A study conducted by the OECD noted Denmark has the best pensions funding system in Europe - describing it as "well-developed".
The Danish system had assets in private pensions product amounted to approximately 138% of GDP in 2005, and 88% of Denmark's 2.8 million employees contributed to one or more pension schemes at that time so "the risk of poverty amongst people over 65 year-olds is the lowest in the EU 25, equal to Norway".
Yet the body suggested "minor changes to the system" could be made, including slight alternations to balance the tax treatment of "capital income outside pension funds" as its findings indicate "the tax rates on capital income outside pension funds are significantly higher than the tax rates on pension fund earnings" and the OECD believes these taxes are "probably too high".

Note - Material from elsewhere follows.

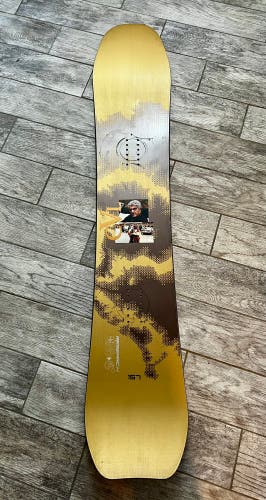 Public Research Snowboard 157 cm (Used)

The Danish government is already making changes to its tax regime from January 2009, on the back of the ECJ ruling in January last year concerning withholding tax on overseas investors, which will see the focus of tax shift from pensions institutions to individuals, to accommodate the opening the market to overseas pensions savings institutions.
However, this does have a knock-on effect as it is also means the end of tax exemptions for pensions investments in rental properties and indexed bonds.
Homeowners might also have an advantage over tenants as they can adjust their mortgage repayments over time and allocate more money to their pensions with the additional monies, argued the OECD in its report, although officials recognise "there is no readily available data on the extent to which individuals are borrowing and effectively channelling the funds into a pension scheme, but there are several issues associated with a significant trend in this direction".
Denmark also has a tax regime which currently allows mortgage interest expenses to be deducted from income when calculating income tax liability: an issue the OECD suggests be rebalanced, albeit cautiously as too strong a move could damage the economy, by perhaps applying an extra rate of 1.5% in property tax "to achieve neutrality with respect to the interest deductibility of negative capital income".
At the same time, the OECD suggests amendments could be made to the terms of a pensions arrangement to give more choice over an individual's "savings profile" and the share of gross income they save, as evidence suggests some individuals may be "over-insured" if they have no dependents and might benefit from placing life cover assets in their pension plans.
Additional changes should perhaps be made to limit the choices of investment options an individual pensions member could have, suggests the OECD, citing evidence from the Danish LD, as it could have an impact on the returns generated.
"Members who exercised their right to decide on the asset allocation of part of their portfolio achieve lower returns over the five-year period to 2004 than investors who have retained the default portfolio chosen by the LD administrators. This may be because investors tended to take a backward-looking approach, rather than adapting to changes in the market real-time," the report noted.